Although this is a good start, your investors are going to expect a few more things when they review your minute book. Take a look at these optional, but highly recommended, steps:
- Each founder should execute a confidentiality and intellectual property assignment agreement. Why? Because without this, the founders own the intellectual property and not the company.
- Investors may also require that each founder execute a founder agreement (or employment agreement) which includes restrictive covenants, such as non-compete and non-solicitation provisions, to protect the company from the founder in case the latter decides to jump ship.
- Finally, each founder should execute a (reverse) vesting agreement (also known as a restricted stock agreement).
- Planning on issuing options to employees? Might as well adopt a stock option plan while you’re at it.
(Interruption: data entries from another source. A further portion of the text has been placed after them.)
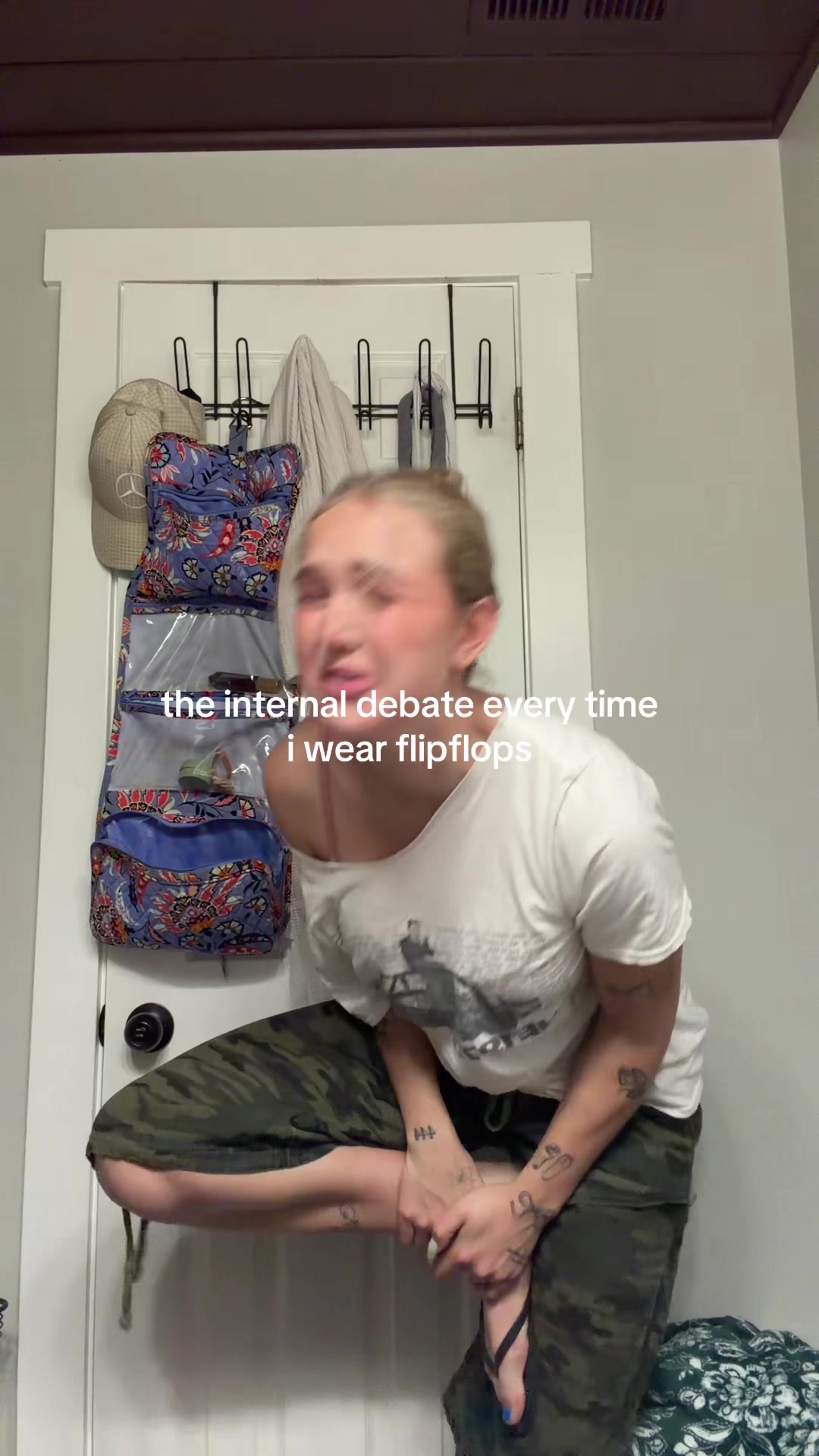 @ruby
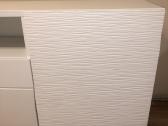 Ikea Besta TV spintelė - nuotraukos Nr. 13
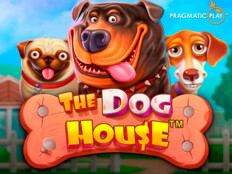 Denem bonus veren siteler. House (dizi) oyuncuları.92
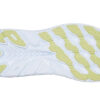 Clifton 8 2E Wide ‚Blue Coral Butterfly‘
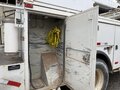 2007 LIFT-ALL LOM10-55-2MS Crane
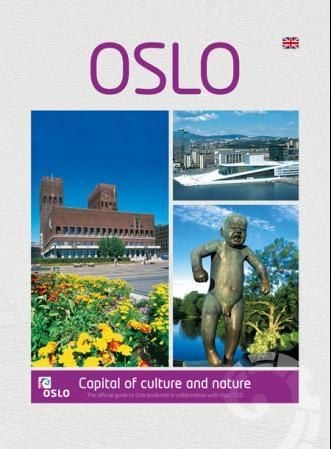 Oslo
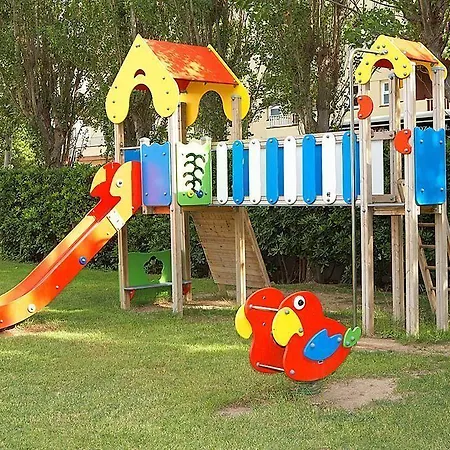 Panorama Szálloda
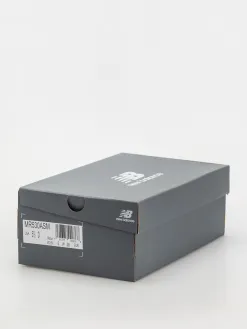 New Balance 530 Shoes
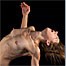Daniel Leveille Danse u ZPC-u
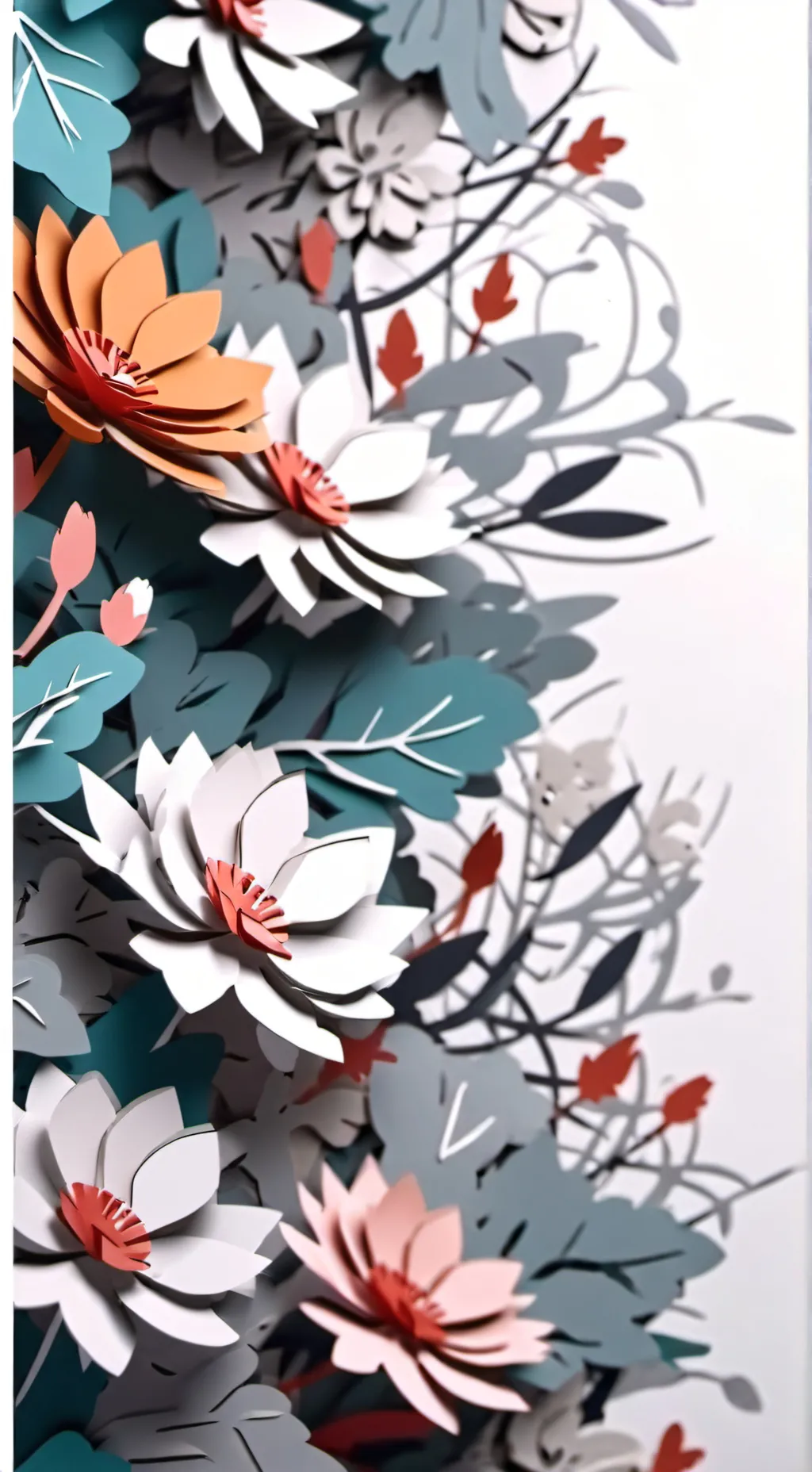 ai character: Dandy’s World background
Lastly, there are shareholders agreements (assuming you’re not flying solo). Not all startups opt for a full-blown shareholders agreement at the time of organization because, admittedly, they can get a bit expensive. The decision to go forward with a shareholders agreement before your first investment should be taken after speaking with your lawyer.
And when it comes time for your first round of investment, the investor may simply require that the existing shareholders agreement be replaced by the investor’s preferred model agreement (likely one or more of the CVCA model documents). Be careful – it doesn’t mean the investor’s model isn’t good for the founders either, but you should get this reviewed by your legal advisor before you sign it so you understand what you’re getting into.